We all know that family is one of the most valuable things in the world—which of course could explain why having one is so expensive!
It seems that every day there’s a new expense—or that someone is in need of something—and saving money may feel like a long-lost dream. But just because it’s challenging, doesn’t mean it’s impossible.
Despite its negative connotations, having a family budget can help to open up new possibilities. Instead of getting to the end of the month worried that you’ll have minimal funds left in your bank account, a budget will give you confidence that you’ll have enough for important expenses. You’ll know at a glance exactly what you have. Having a budget also makes it possible to work toward a major savings goal. If your goal is to accumulate $10,000 in your savings account or to save up for a big trip, a budget will help make that possible.
If the idea of having more money at the end of the month appeals to you, and you’re thinking about creating your own budget, here are a few money-saving tips that will help you succeed:
Plan Meals Ahead
Planning meals ahead of time is a great way to expand your budget. Scouring the local ads before you hit up the grocery store and planning your meals around what is on sale is a great way to make your menus budget-friendly. One of the biggest temptations for families, especially during the summer months, is popping into a fast food restaurant for a quick dinner because after a long day, who really wants to prepare a meal? Not many, that’s who! Planning ahead can help ensure that you know what to make—saving you time and making the task less daunting.
You don’t have to be an extreme coupon-er to make this work. Simply avoiding the gimmicks and eye-catching last-minute “bargains” can help you save. You might be surprised to see how quickly those really add up! While, say, one or two small impulse purchases a week probably won’t make a huge difference—if everyone in the family is shopping, and pressuring you for impulse items, things can start to add up fast. Your best option is to make a list and stick to it. It also helps to try to shop once a week. Heading to the store every day for last minute purchases can destroy your budget because we all know that it’s difficult to just buy one or two things!
Save for Vacations
One place the budget seems to take a hit is vacations. Somehow budgets seem to go out the window during vacations. If you are planning a trip, it’s a good idea to save up for it, rather than relying on credit cards to make it happen. It’s easier to save for things then it is to try to pay things off later on. It’s also important to make a budget for your journey—allotting funds for specific expenses such as airfare, lodging, food, and other purchases. Having a plan will help keep you on track, and save you from the stress of overspending. If you’re really trying to save, you may also want to consider having a staycation. Staycations are growing in popularity for a reason—there are lots of fun things just waiting to be discovered in your own local area.
Look for Free Outings
There are plenty of free outings that can appeal to family members of all ages. Libraries, beaches, lakes, parks, and museums are generally all free—or cost very little. Other inexpensive ideas include the swimming pool, local sporting events, or going on hikes, bike rides, and walks. You could also arrange for fun get-togethers with friends, family, or neighbors—ask everyone to bring a dish. You don’t have to spend an arm and a leg to have a good time. Just make sure you’re not focusing on what you can’t do because of your budget, and instead focus on what you can!
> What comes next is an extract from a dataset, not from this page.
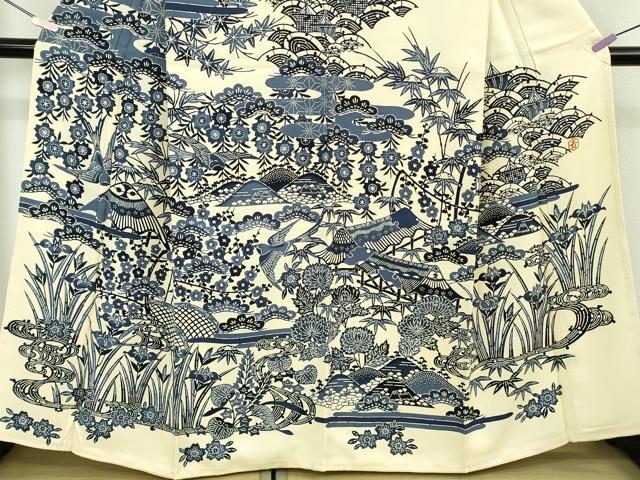 平和屋本店●極上 和染紅型 栗山紅型 栗山吉三郎 本藍 訪問着 風景花鳥文 縮緬地 薄い砥粉色 逸品 未使用 DZAB6705kh6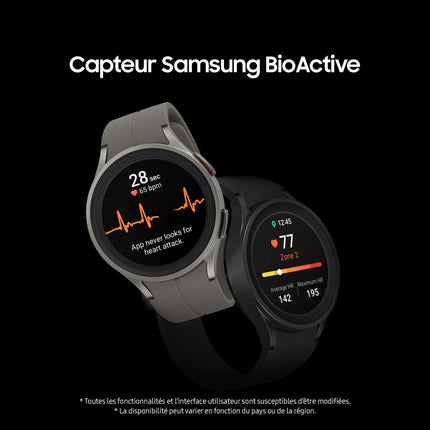 Samsung Galaxy Watch5 Pro Smartwatch, Health Tracker, Sports Watch, Long Battery Life, Bluetooth, 45 mm, Titanium, 1-Year Extension [Excluded from Amazon] – French Version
One of the best ways to stick to a budget is to be flexible. When something comes up—an unexpected expense or necessary purchase—don’t throw the budget out altogether. Instead, rearrange the budget to accommodate for the surprise expense. Being flexible means that you can adjust your plan when circumstances dictate, and allow yourself freedom and options when necessary. After all, your budget is set up to help you reach a goal—it isn’t the end-all goal in and of itself.
Finally, make sure you have a plan for your budget—a clear and understood reason for choosing to be intentional with your money. Keeping the “why” in mind will help you stay on track and prevent everyone from getting burned out.
Saving money doesn’t mean you have to make drastic changes and it doesn’t mean you can’t have fun. When done right, a budget will give you more freedom, and will help you to be happier and more organized too.
What are your tips for budgeting success?